Submit to this Journal Review for this Journal Propose a Special Issue

Article Menu

Share Help Cite Discuss in SciProfiles

Open AccessArticle

Peer-Review Record

A CNN-RNN Combined Structure for Real-World Violence Detection in Surveillance Cameras

Appl. Sci. 2022, 12(3), 1021; https://doi.org/10.3390/app12031021

by Soheil Vosta

and Kin-Choong Yow^*

Reviewer 1:

Miguel González-Mendoza

Reviewer 2: Anonymous

Reviewer 3: Anonymous

Appl. Sci. 2022, 12(3), 1021; https://doi.org/10.3390/app12031021

Submission received: 26 November 2021 / Revised: 6 January 2022 / Accepted: 13 January 2022 / Published: 19 January 2022

(This article belongs to the Special Issue Computing and Artificial Intelligence for Visual Data Analysis II)

Round 1

Reviewer 1 Report

The manuscript "A CNN-RNN combined structure for real-world violence detection in surveillance cameras" presents a spatio-temporal model based on the combination of features extracted using CNN and RNN networks. The authors conducted experiments on four variants of the UCF-crime dataset and claim that the proposed model outperforms the well-known C3D architecture.

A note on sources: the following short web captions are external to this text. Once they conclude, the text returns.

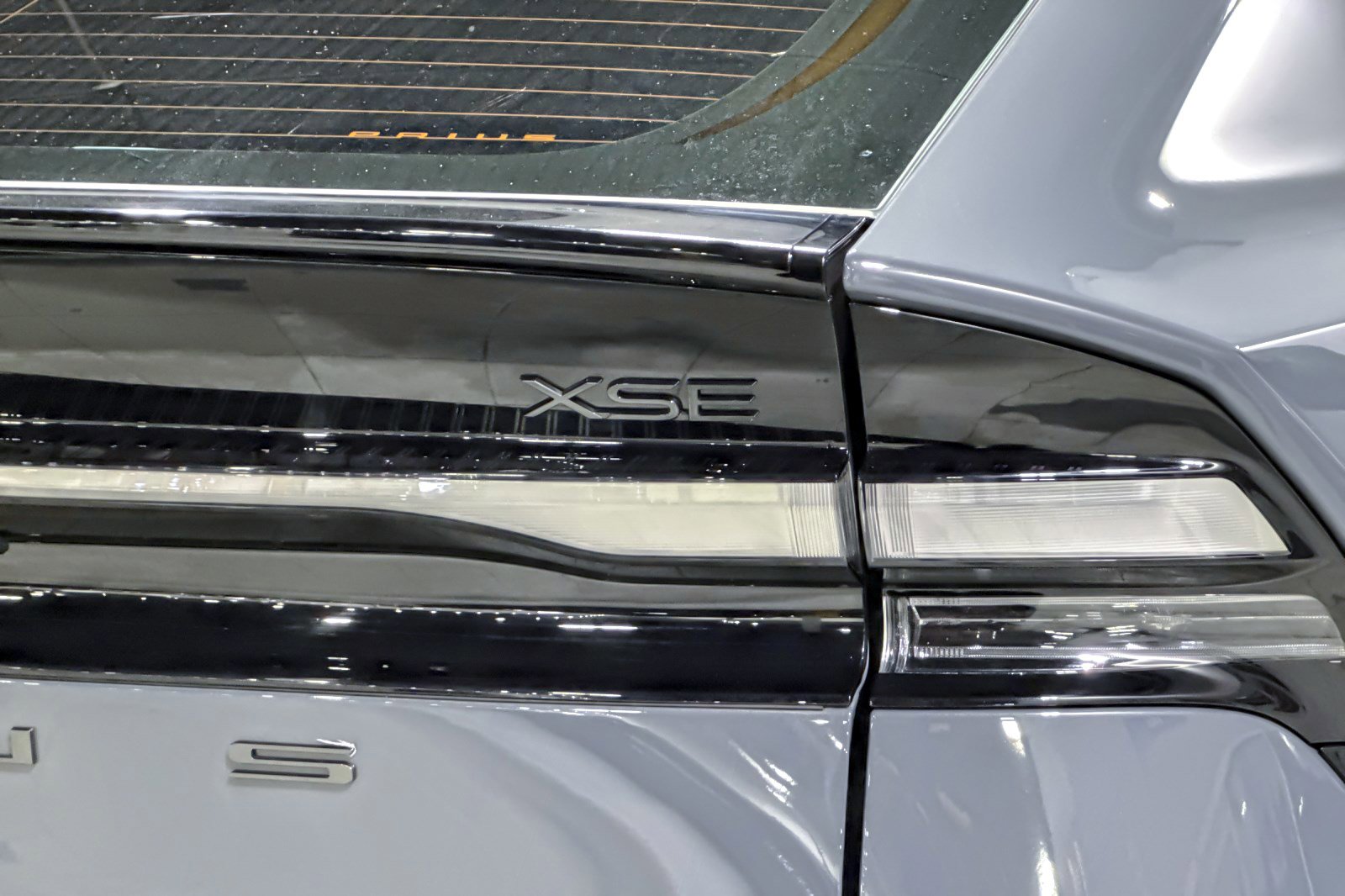 Used 2025 Toyota Prius Plug-In Hybrid image 12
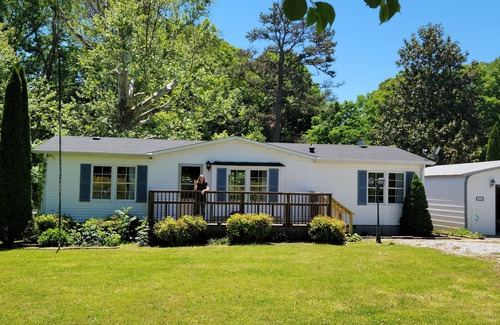 Ten Mile Casa | The Lake House, vacation at the lake shore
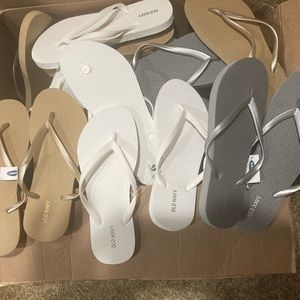 Old Navy Flip Flops in Bulk(various sizes)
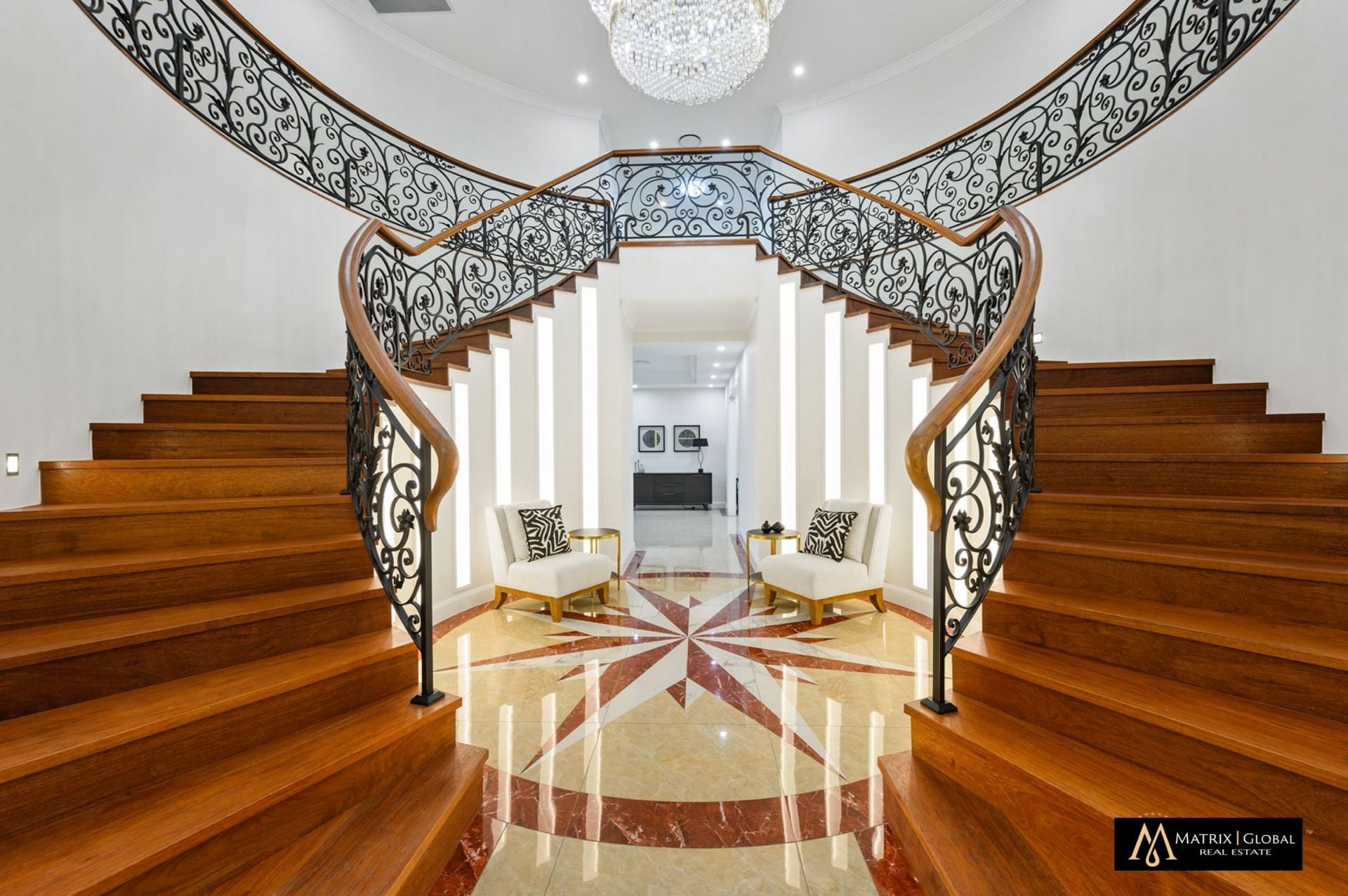 22 Erave Avenue, Runaway Bay - Thumbnail 3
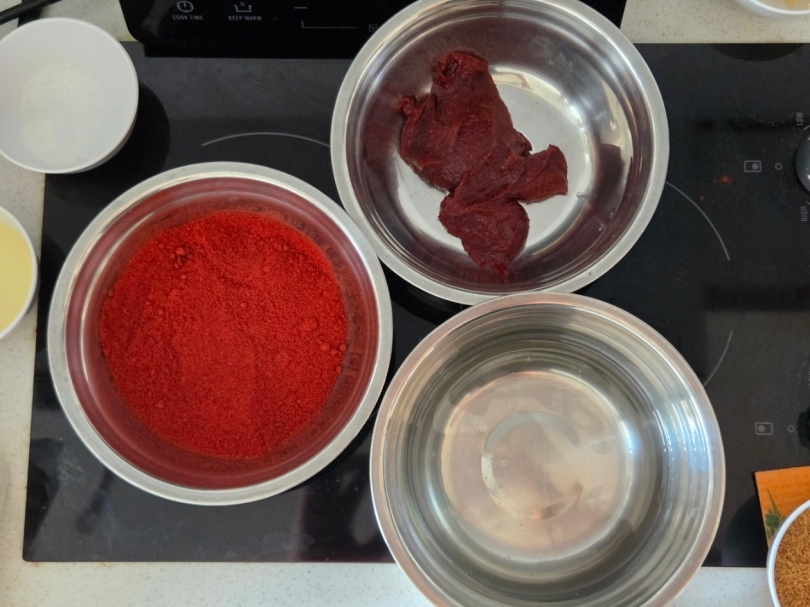 22b8550e7e0b4d23b7ba2ed3a069679d_1765436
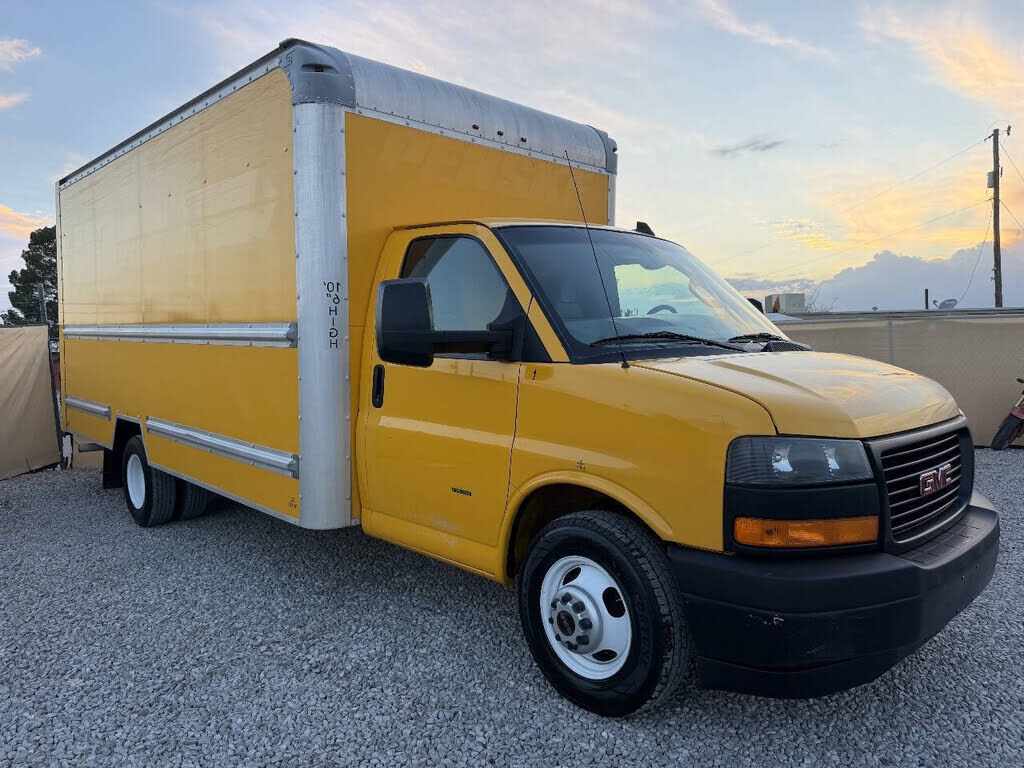 2018 GMC Savana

Overall, the manuscript presents solid ideas with a vast number of experiments. Nevertheless, the manuscript requires major corrections in order to be considered for publication.

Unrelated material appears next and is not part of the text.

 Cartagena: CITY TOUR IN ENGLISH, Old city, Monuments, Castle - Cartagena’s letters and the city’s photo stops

A main concern about the work is how it is written. There are several grammatical mistakes, and the readability of the text could be improved by adding the corresponding connectors between the sentences.

For example, in the sentence "Although many companies still recruit someone to monitor the cameras, but it is totally wasting time and energy" the connector "but" is misapplied. Additionally, it is unclear why hiring someone for monitoring is not desirable.

Another example is:

"In recent years surveillance cameras have been increasingly used in many public and private spaces. They mainly use to increase the security of that area. Although many companies still recruit someone to monitor the camera"

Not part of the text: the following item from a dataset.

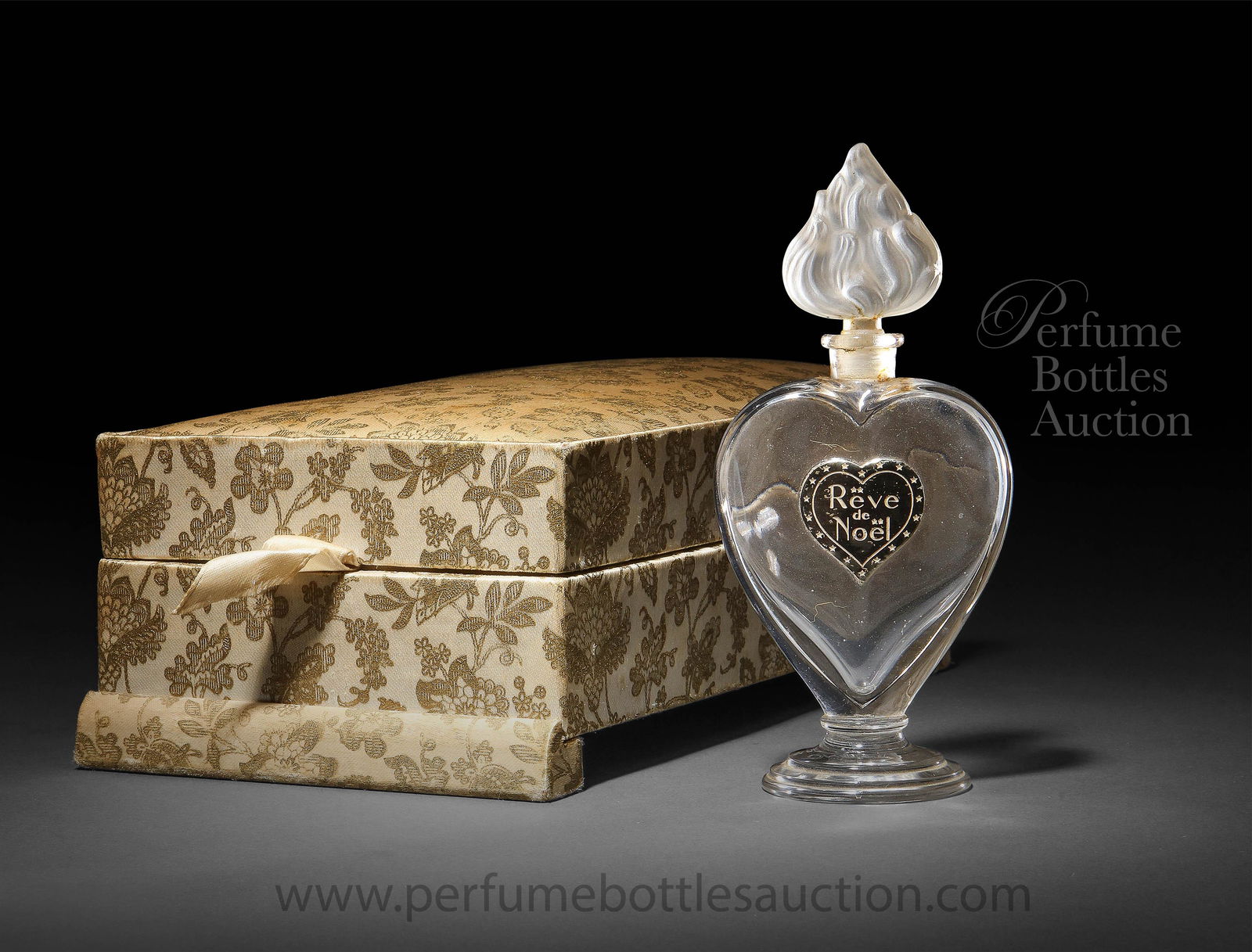 1945 D'Aguila Reve de Noel perfume presentation with music box (1 of 2)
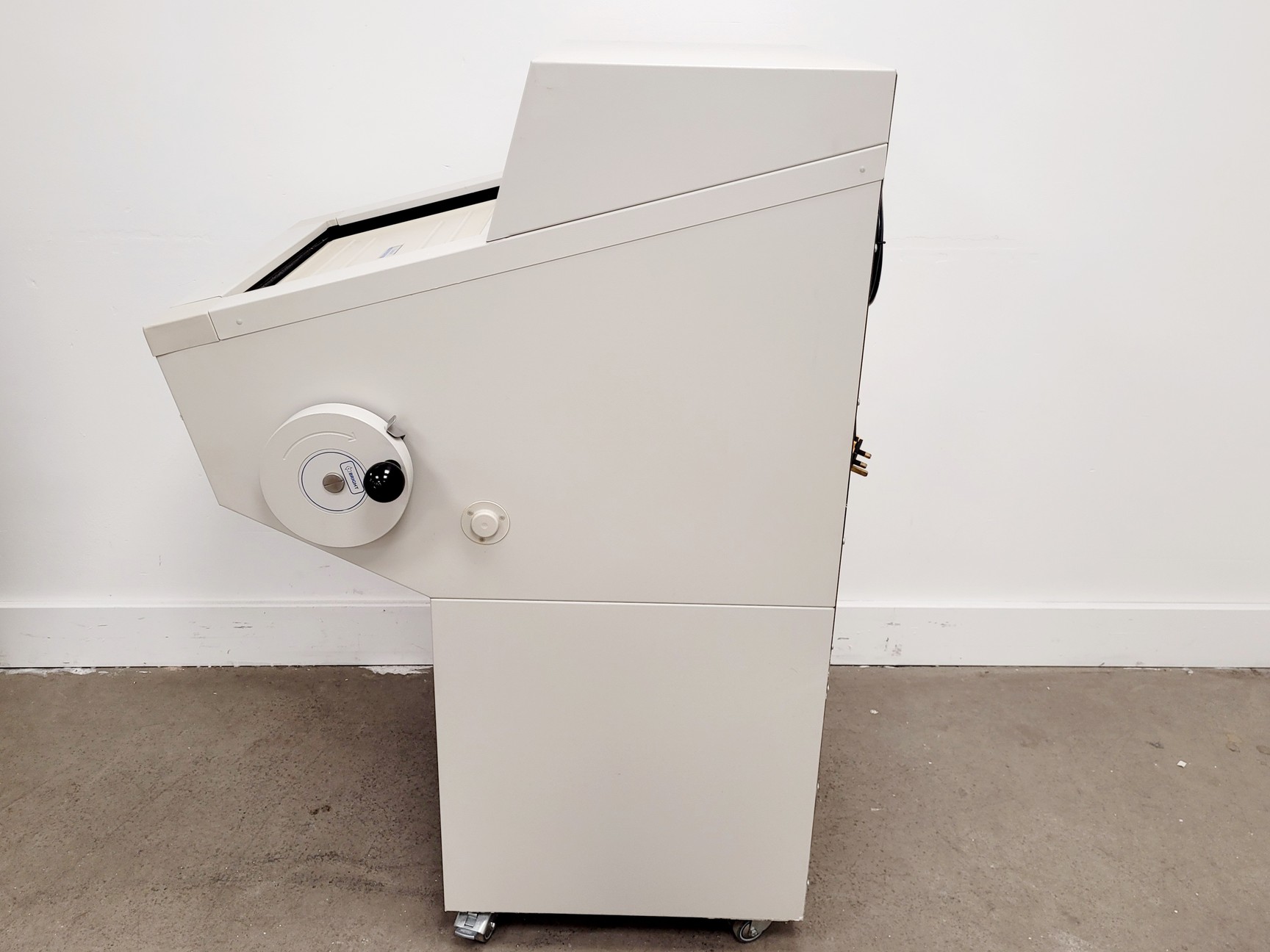 Image of Bright OTF/AS/EC 960841296 Cryostat Lab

In this example, the sentences are not connected, which makes it difficult to understand. Also, there are grammatical errors, including a missing comma after the word "years" and missing auxiliaries ("They mainly use" should be "they are mainly used").

The authors also abuse of quantifiers like "many," which add ambiguity to the manuscript.

There are also omitted references, such as "several methods have been proposed to solve various 64 types of anomaly detection in video datasets."

Finally, the UCF-crime dataset is now a benchmark dataset, so I consider that the authors should compare their work with other state-of-the-art methods and not only the C3D architecture.

Author Response

Please see the attachment.

Author Response File: Author Response.pdf

Reviewer 2 Report

In this manuscript, the authors designed a model by using well-known convolutional neural network (ResNet50) for extracting important features of each frame and a recurrent neural network for detecting abnormal events in time-series datasets. The manuscript is generally well-written and it is easy to follow.

I see the following weak points of the submitted manuscript and I have the following concerns:

1.) From line 76 to 82, the authors write about the potential of deep features extracted from CNNs. However, they omit to mention some examples. The authors should mention here examples. For example, deep features were utilized for image quality assessment (Multi-pooled Inception features for no-reference image quality assessment, AppSci, 2020), skin lesions classification (Deep features to classify skin lesions), or person re-identification (Deep-person: Learning discriminative deep features for person re-identification, 2020).

2.) In the Introduction section, a separate Contributions subsection would be helpful for ascertaining the main contribution of the manuscript.

3.) The authors write: "We implement Residual Networks (ResNets) as one of the most efficient techniques for feature extraction in deep neural networks" Could the authors explain why ResNet are the most efficient? What does "efficient" mean in this context? Why for example Inception-V3 is not so effective?

4.) The structure of the proposed ConvLSTM is not so clear. Although Figure 3 depicts a detail of ConvLSTM but the number of layers, the number of neurons in each layer is not clear from Figure 4. Probably, one more figure would make clear the structure.

5.) The authors write: "Also, we used glorot_uniform for initial weights and RMSprop as an optimizer in our experiments." Could other weight initialization or optimizer improve the performance?

6.) The definition of the evaluation metrics should be given in the manuscript.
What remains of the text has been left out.